Following the company’s recent announcement of ultra-clean aviation fuel, it now offers an ultra-clean marine residual fuel (also known as bunker fuel or fuel oil) which meets international standard ISO 8712 2017, as well as a premium marine distillate fuel which matches the highest EN15940 diesel specification.
In addition to the 75% CO2 reduction, a significant benefit of these new fuels is the notable decrease in NOx and SOx emissions. NOx and SOx are some of the most common air-pollutants from the burning of fossil fuels and are estimated to be globally responsible for 9000 daily deaths (source: IHME). Clean Planet’s fuels can reduce sulphur emissions by 1500 times when compared to the latest, stringent IMO regulations.
“Air-pollutants such as sulphur are measured by ppm (parts per million). Under the IMO 2020 [International Maritime Organisation] regulations implemented last year, a ship with a scrubber installed onboard is allowed to emit 35 000 ppm of sulphur into the sea when burning fossil marine fuel oil, whilst a ship without a scrubber is allowed to emit 5000 ppm of sulphur into the air”, said Clean Planet Energy’s CTO, Dr Andrew Odjo. “In contrast, Clean Planet Energy’s marine residual fuel has a sulphur content of just 35 ppm, and its marine distillate has a sulphur content of just 3 ppm. This means that ships using our marine distillate fuel can reduce sulphur pollution by over 1500 times compared to ships using fossil fuel without a scrubber, and by more than 10 000 times compared to ships with a scrubber”.

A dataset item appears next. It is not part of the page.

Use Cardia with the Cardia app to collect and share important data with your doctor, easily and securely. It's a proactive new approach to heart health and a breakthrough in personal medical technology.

The UK based renewable energy company will produce these ultra-clean circular fuels inside their ecoplants. A Clean Planet ecoplant can accept and convert non-recyclable waste-plastics, which would otherwise be heading to incineration, landfill, or worse – into the oceans. According to data sourced by parties including the US EPA and the World Economic Forum, this year 203-million tonnes of plastic will become non-recyclable waste, meaning that the Clean Planet process not only reduces CO2 emissions and air pollutants, but also tackles the plastic crisis too.

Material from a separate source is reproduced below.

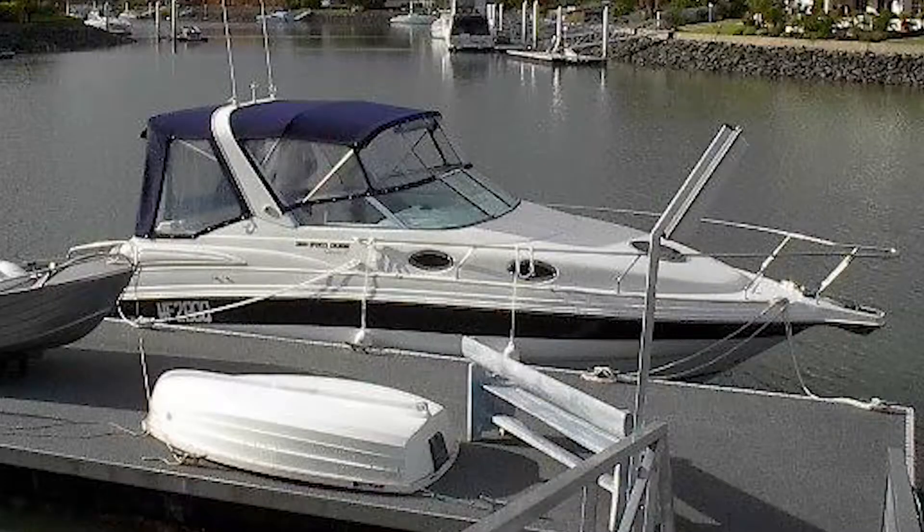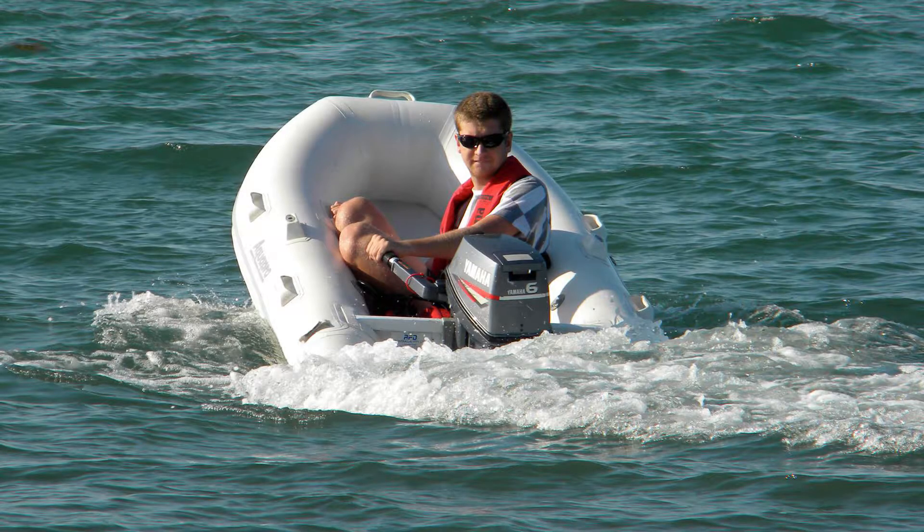Dad grew up heavily into sailing. When we moved to the water — I was about 12 — he bought us a nine-foot polypropylene plastic boat with a 2.2 horsepower Mercury on it, a really old one. We had that for a good few years; that was my introduction into boating. He then bought a 28-foot Mustang sports cruiser that we had for a couple of years and eventually sold. Off the back of that, we pulled a tender — a two-and-a-half-meter Aquapro rigid inflatable — originally with a 3.3 horsepower Mariner, and eventually I put a 6 horsepower from the tinny on it. An amazing little fun boat — my first introduction into inflatable boats.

“There is currently no legitimate and scaled alternative compared to using carbon-based fuels in the marine and aviation sectors. Whereas cars are moving to electric, the lifespan of large vessels means we’ll be stuck using fossil fuel engines for many years to come. By using non-recyclable waste plastics as a feedstock for fuels in these industries, we can reduce the daily CO2 emissions by 75%, keep fossil-oil in the ground, and win valuable time in the world’s battle to hit net-zero carbon emissions”, added Dr Odjo.